For work that does not require using more than one code page at a time, the code page system works rather well—as long as the elements of your work environment (hardware, software, data) are all attuned. When they cease to be, for instance because your text file is in ISO-8859-1 and your text processor believes it to be in plain ASCII, there comes the ????. With the advent of the World Wide Web in the 90’s, having to deal with documents in a wealth of mostly unidentified code pages became normal, and the need for a better solution became more obvious than ever. The solution that has been most widely adopted is Unicode.

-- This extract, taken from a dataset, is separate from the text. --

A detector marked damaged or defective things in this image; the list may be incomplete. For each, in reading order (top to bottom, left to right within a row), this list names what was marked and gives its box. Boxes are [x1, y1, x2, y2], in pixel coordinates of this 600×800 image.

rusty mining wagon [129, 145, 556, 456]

As suggested by its name, Unicode has the considerable ambition of offering a single, unified solution to the problem of text encoding, one that works for all languages of the known world and beyond. It is based on couple of simple and powerful insights, the most important of which is arguably that all characters of all alphabets should be assigned a unique and permanent number (a “code point”, in technical jargon), regardless of the scheme that will be used to represent these numbers in the memory of a given device. Building and maintaining this huge directory of characters (113,021 as of June 2014) has kept the Unicode Consortium busy for more than two decades.

Unicode code points still have to be represented in memory somehow, and this is where things become more complicated (again). Indeed there are several ways of doing so (yes, again), the details of which are beyond the scope of this post. The most often used Unicode encodings are UTF-16 (which itself comes in two flavors called low-endian and big-endian), and UTF-8. UTF-8 encodes each code point in a variable number of bytes (from 1 to 4), with the nice feature that the 128 ASCII characters are encoded with a single byte, exactly like in the ASCII code; thus every ASCII-encoded string is also, in fact, a valid UTF-8 string and vice-versa. In a domain that remains strongly anglocentric, this property of UTF-8 has probably played an important role in its impressive adoption rate.

Coda and acknowledgments

There is a lot more to say about text encoding (including byte-order marks, combining characters, and so on), and I intend to say more in other posts, in particular in a follow-up about best practices. For the time being, I believe that this post provides enough background knowledge to understand why I recommend those practices—that is, when they’re posted. If you think otherwise, or if you think anything about this material, by all means leave a reply and let me know.

A lot of the inspiration for this post comes from an excellent and classical piece by Joel Spolsky. I’ve basically tried to do for an intended audience of non-technical users with a specific interest in text data what he did brilliantly for software developers.